St Michael’s Mount

In 1792 James Boswell, on a trip to Cornwall, made the obligatory visit to St Michael’s Mount. He was less than impressed, complaining that ‘it is a disgusting nuisance to have a parcel of low, dirty people collected there’ (in the village at its foot), with ‘a vile smell of spoiled fish and garbage lying about it’. Most visitors however took a longer perspective, admiring the Mount from a distance. The low, dirty people have, one assumes, gone, as have the rotting fish, while the garbage is now plastic. Also gone are the religious and military roles that the Mount once had.

The Mount from the seaward side through the mist

Known traditionally in Cornish as an carrek looz en cooz (the grey rock in the wood), its name refers back to the lost lands of Lyonesse, drowned by the sea. Other snippets add to the romantic connotations: some prophecies of Merlin were found on the Mount, clothes were left there for Isold, lover of Tristan, St Michael himself even made one of his three earthly appearances on this spot.
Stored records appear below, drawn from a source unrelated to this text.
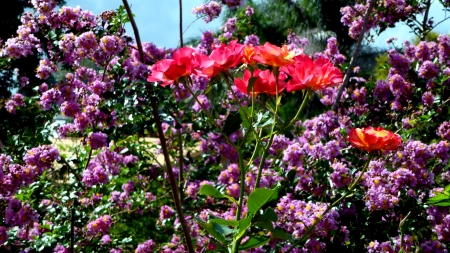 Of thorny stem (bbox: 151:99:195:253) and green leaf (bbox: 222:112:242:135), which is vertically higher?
thorny stem (bbox: 151:99:195:253)

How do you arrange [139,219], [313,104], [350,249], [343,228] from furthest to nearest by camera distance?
[313,104]
[139,219]
[350,249]
[343,228]

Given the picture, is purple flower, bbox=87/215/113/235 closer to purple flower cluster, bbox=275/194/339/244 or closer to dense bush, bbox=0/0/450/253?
dense bush, bbox=0/0/450/253

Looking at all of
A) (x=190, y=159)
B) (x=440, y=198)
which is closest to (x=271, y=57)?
(x=440, y=198)

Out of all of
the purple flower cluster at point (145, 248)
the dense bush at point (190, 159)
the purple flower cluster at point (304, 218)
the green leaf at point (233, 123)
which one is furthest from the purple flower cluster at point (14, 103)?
the green leaf at point (233, 123)

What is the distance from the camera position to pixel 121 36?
2.64 meters

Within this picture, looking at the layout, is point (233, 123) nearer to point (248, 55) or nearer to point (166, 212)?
point (248, 55)

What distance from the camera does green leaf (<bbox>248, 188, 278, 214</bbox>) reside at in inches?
40.8

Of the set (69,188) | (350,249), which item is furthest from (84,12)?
(350,249)

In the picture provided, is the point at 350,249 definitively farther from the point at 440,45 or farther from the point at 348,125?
the point at 440,45

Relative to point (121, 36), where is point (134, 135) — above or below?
below

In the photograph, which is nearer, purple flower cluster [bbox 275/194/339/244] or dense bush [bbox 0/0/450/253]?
purple flower cluster [bbox 275/194/339/244]

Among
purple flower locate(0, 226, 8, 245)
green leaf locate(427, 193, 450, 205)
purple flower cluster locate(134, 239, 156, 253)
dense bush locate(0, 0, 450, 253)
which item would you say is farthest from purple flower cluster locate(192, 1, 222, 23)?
green leaf locate(427, 193, 450, 205)

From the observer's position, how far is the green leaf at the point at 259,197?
1.04 meters

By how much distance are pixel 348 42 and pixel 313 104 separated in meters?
2.56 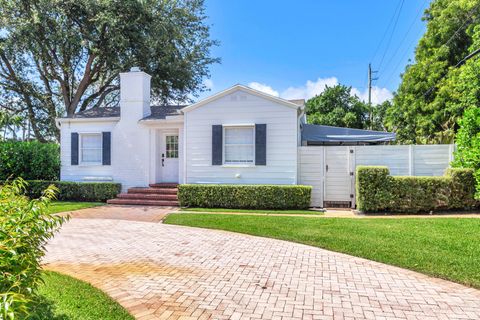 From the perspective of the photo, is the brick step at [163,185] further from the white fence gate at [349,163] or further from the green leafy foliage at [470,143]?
the green leafy foliage at [470,143]

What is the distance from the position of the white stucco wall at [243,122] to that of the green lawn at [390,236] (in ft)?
8.90

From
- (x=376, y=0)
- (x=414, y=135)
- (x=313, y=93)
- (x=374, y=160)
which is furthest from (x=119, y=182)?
(x=313, y=93)

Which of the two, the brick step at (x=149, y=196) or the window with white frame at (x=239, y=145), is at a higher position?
the window with white frame at (x=239, y=145)

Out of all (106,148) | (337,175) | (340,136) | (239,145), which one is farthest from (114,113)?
(337,175)

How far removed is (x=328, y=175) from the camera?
11984 millimetres

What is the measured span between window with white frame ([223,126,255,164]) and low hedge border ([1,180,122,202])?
5.32 metres

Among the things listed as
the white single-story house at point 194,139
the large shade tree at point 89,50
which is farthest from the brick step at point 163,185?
the large shade tree at point 89,50

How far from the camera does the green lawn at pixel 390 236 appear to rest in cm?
534

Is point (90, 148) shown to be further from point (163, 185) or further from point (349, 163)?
point (349, 163)

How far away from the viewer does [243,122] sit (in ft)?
41.2

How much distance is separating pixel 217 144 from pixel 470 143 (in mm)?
8606

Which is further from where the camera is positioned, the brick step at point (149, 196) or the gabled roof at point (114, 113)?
the gabled roof at point (114, 113)

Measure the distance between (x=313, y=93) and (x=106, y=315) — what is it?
34340mm

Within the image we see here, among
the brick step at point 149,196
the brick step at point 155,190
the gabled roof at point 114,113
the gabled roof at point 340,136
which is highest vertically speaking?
the gabled roof at point 114,113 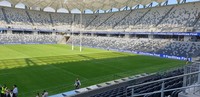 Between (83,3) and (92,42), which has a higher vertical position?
(83,3)

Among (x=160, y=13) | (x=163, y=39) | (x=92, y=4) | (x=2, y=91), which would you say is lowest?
(x=2, y=91)

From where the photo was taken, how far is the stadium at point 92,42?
20.2 metres

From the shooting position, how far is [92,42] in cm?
6425

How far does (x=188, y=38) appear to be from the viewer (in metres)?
43.5

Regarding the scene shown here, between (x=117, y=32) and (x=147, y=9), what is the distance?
1211cm

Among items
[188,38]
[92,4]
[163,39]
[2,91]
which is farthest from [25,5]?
[2,91]

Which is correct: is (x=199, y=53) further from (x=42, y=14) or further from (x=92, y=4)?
(x=42, y=14)

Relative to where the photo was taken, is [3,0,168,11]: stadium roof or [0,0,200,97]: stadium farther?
[3,0,168,11]: stadium roof

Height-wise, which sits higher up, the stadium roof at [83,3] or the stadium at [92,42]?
the stadium roof at [83,3]

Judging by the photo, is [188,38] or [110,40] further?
[110,40]

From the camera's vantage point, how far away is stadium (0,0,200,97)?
20.2 metres

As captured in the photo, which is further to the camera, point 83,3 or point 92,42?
point 83,3

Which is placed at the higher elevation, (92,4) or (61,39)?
(92,4)

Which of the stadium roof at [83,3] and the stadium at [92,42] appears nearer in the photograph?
the stadium at [92,42] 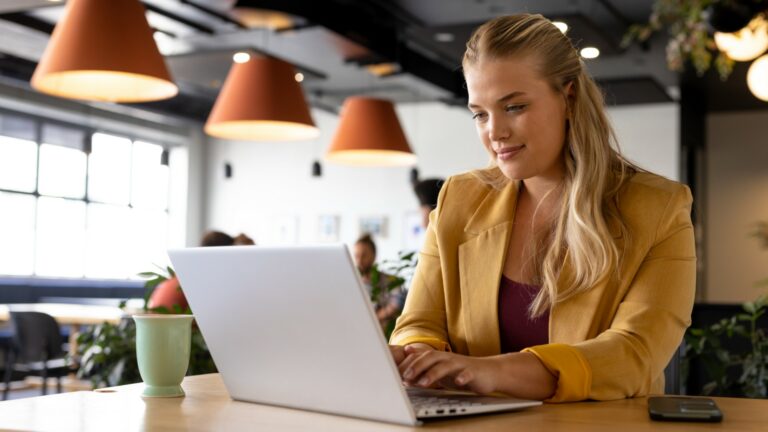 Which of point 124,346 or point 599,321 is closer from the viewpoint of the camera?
point 599,321

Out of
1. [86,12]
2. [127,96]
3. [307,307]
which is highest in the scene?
[86,12]

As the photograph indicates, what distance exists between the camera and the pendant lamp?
513cm

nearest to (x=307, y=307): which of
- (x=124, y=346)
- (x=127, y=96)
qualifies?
(x=124, y=346)

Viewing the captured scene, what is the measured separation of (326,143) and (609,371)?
11.6 m

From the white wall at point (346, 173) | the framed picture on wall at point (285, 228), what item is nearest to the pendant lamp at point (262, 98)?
the white wall at point (346, 173)

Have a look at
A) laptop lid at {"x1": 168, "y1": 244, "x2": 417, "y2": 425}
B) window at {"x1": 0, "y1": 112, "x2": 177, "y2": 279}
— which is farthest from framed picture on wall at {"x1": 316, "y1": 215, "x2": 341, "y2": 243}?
laptop lid at {"x1": 168, "y1": 244, "x2": 417, "y2": 425}

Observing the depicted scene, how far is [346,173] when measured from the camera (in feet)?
42.3

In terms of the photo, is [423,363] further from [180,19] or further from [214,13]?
[180,19]

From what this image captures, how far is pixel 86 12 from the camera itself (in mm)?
3877

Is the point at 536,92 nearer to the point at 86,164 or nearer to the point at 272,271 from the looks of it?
the point at 272,271

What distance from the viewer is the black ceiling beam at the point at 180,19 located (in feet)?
25.2

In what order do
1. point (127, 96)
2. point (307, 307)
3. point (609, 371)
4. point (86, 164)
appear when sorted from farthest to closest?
point (86, 164) < point (127, 96) < point (609, 371) < point (307, 307)

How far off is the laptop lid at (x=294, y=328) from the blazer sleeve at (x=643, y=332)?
1.19ft

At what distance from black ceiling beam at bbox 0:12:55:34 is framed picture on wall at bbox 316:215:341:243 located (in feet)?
17.6
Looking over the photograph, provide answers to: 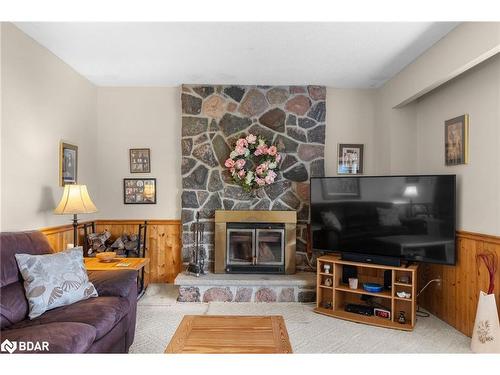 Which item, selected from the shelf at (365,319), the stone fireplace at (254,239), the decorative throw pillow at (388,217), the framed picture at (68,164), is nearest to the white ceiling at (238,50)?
→ the framed picture at (68,164)

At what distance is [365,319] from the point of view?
10.6 feet

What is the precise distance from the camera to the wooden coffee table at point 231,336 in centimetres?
187

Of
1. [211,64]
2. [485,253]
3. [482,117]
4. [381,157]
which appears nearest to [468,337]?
[485,253]

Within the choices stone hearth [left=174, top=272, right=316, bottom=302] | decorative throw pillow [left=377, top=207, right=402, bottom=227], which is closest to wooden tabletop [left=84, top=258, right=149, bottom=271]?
stone hearth [left=174, top=272, right=316, bottom=302]

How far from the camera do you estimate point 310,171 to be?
4246mm

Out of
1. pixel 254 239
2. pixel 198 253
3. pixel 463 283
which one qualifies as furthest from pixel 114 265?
pixel 463 283

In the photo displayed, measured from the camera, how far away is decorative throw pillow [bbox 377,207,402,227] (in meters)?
3.26

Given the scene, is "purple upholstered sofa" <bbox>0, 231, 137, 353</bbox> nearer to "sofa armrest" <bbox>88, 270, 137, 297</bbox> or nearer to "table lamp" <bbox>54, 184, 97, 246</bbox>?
"sofa armrest" <bbox>88, 270, 137, 297</bbox>

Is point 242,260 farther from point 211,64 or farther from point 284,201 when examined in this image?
point 211,64

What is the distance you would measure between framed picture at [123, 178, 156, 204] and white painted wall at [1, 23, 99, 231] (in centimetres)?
76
There had been some sort of church on the Mount before the Normans arrived and it had already been granted to the Abbey of its bigger mirror image, Mont St Michel in Normandy. The abbot of Mont St Michel set about building a new church on the Mount on the 1130s and staffed it with half a dozen or so Benedictine monks. By the later 1300s French priests had been replaced by English ones while the priory was seized in 1420 by the English Crown and dissolved as ‘alien’. It was then handed over to the Abbey of Syon in Middlesex. Throughout this period it had been a popular destination for pilgrims. The donations they brought with them, according to A.L.Rowse, left the Mount’s priory ‘very rich in vestments and plate’ when it was suppressed in the 1530s.

The Mount was also seen as strategically important. In the 12th century it was seized by a faction in a dispute within the English royal family and again in the 1470s when some Lancastrian rebels held it for a time. Later, in 1549, loyalist gentry took refuge for a time on the Mount during the prayer book rising. At the end of the civil wars of the 17th century, the Royalists on the Mount intended to join those at Pendennis, Falmouth, in making a final stand but they gave up after just a month.

Turner’s drawing of the Mount in 1814

After being owned by a French abbey, then an English one, then the Crown and the absentee Cecil family who were given it in the 1500s, the Mount was finally returned into Cornish hands. The Cecils sold it on to the Bassets of Tehidy, near Camborne. but the costs of repairing its decayed fortifications during the civil wars strained the finances of the Bassets so much they had to sell it in turn to the St Aubyn family in 1659. It was the St Aubyns who added to the Mount’s buildings in the later 19th century, creating what we see now. It is now once again in the hands of a non-Cornish institution, the National Trust.